Le Cerema se trouve aujourd’hui aux avant-postes de ce « chantier du siècle ». À grand renfort de communication (courriers, vidéos, webinaires, numéro vert), le centre a alerté les édiles français sur l’urgence de leur mission. Entre 2021 et 2024, près de 15 000 communes ont recensé leurs ponts, soit presque une sur deux. « C’est plutôt un bon résultat, selon Roland Abou, directeur du département des techniques d’ouvrage d’art au Cerema. Cela a permis de faire comprendre que ces ouvrages sont aussi importants que le toit de l’église ou la cour de l’école. Si jamais leur pont s’effondre, c’est aussi une catastrophe pour la vie économique de leur village. »

« On touche aux limites de la décentralisation »

« Mais les petites communes ne peuvent pas faire face à tout, alerte Sylvain Laval, coprésident de la commission transports, mobilité et voirie à l’association des maires de France (AMF). Entre la rénovation d’une école ou d’un pont, une petite commune privilégiera l’école. » Jusqu’en 2014, l’Assistance technique de l’État pour des raisons de solidarité et d’aménagement du territoire (Atesat) employait 1 200 équivalents temps plein et aidait, financièrement et techniquement, les petites communes dans des missions relevant d’ingénierie civile. En la supprimant, « l’État s’est désengagé de sa mission d’assistance technique aux communes », juge le rapport sénatorial de 2019. Le Cerema, dont les effectifs ont été réduits de 20 % et les dotations pour charges publiques de 25 % entre 2017 et 2022, a dû assurer cette mission sur les ponts en urgence.

« On touche ici aux limites de la décentralisation. Si, derrière, il n’y a pas de moyens pour faire face aux sujets, on n’avance pas », ajoute Sylvain Laval. Le vœu des collectivités ? Récupérer les recettes de taxes (notamment la taxe intérieure sur les produits énergétiques, la TICPE) à l’origine dévolues à l’entretien des infrastructures et qui n’ont jamais été réorientées vers les budgets des collectivités.

Sylvain Laval réclame un débat national.
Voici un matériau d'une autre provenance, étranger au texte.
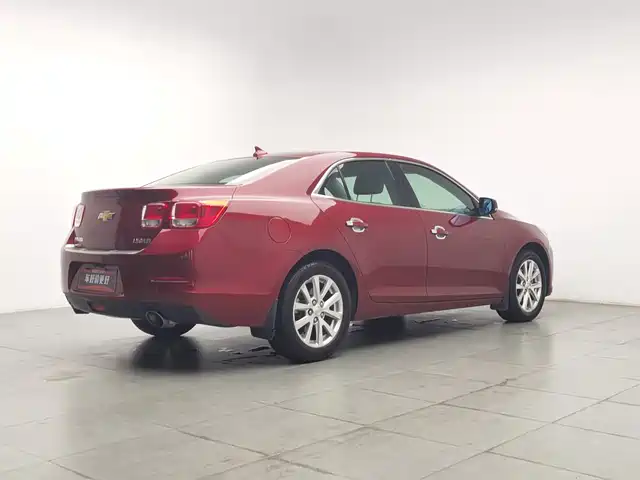 Chevrolet Malibu 2014 2.0L Automatic Luxury — фото 2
Un autre devrait s’inviter dans les prochains mois : l’arrivée sur nos routes des mégacamions de 60 tonnes, contre 40 autorisées aujourd’hui. Une directive européenne, adoptée en mars dernier, devrait être prochainement débattue à la Commission. Ces gros transporteurs augmenteraient encore le tonnage circulant sur les ouvrages d’art. Déjà, beaucoup de ces derniers n’ont pas été conçus, à leur époque, pour supporter le poids des véhicules qui les franchissent actuellement.

En mars également, l’effondrement d’un pont dans les Cévennes, entraînant dans sa chute un poids lourd sans faire de victime, a rappelé l’urgence. « Tant qu’il ne se passera rien de grave, rien n’avancera », soupire Bruno Belin (LR), auteur du second rapport au Sénat.